• [Data to process]
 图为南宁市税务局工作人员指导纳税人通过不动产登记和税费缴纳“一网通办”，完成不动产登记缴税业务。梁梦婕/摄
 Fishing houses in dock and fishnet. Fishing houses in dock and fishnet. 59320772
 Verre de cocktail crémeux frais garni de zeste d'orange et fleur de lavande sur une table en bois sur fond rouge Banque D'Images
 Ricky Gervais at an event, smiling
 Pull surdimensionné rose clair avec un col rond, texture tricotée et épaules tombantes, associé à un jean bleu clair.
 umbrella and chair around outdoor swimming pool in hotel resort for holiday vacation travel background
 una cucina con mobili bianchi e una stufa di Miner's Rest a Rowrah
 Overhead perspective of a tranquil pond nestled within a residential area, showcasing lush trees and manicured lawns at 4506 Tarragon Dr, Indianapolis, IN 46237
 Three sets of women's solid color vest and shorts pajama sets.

==

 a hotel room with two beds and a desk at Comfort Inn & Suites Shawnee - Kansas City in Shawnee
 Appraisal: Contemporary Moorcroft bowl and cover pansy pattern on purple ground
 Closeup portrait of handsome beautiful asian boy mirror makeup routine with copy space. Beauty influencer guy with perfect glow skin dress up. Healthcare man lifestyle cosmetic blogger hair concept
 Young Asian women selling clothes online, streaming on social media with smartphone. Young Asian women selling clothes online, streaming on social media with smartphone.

--

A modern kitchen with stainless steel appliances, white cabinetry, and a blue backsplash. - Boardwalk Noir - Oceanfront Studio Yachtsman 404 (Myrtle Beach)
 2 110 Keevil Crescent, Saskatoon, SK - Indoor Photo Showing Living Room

• [Exercise brief] Which of the lines in the material above contain "hotel"? Copy each one out.

• [Answer space]
 umbrella and chair around outdoor swimming pool in hotel resort for holiday vacation travel background
 a hotel room with two beds and a desk at Comfort Inn & Suites Shawnee - Kansas City in Shawnee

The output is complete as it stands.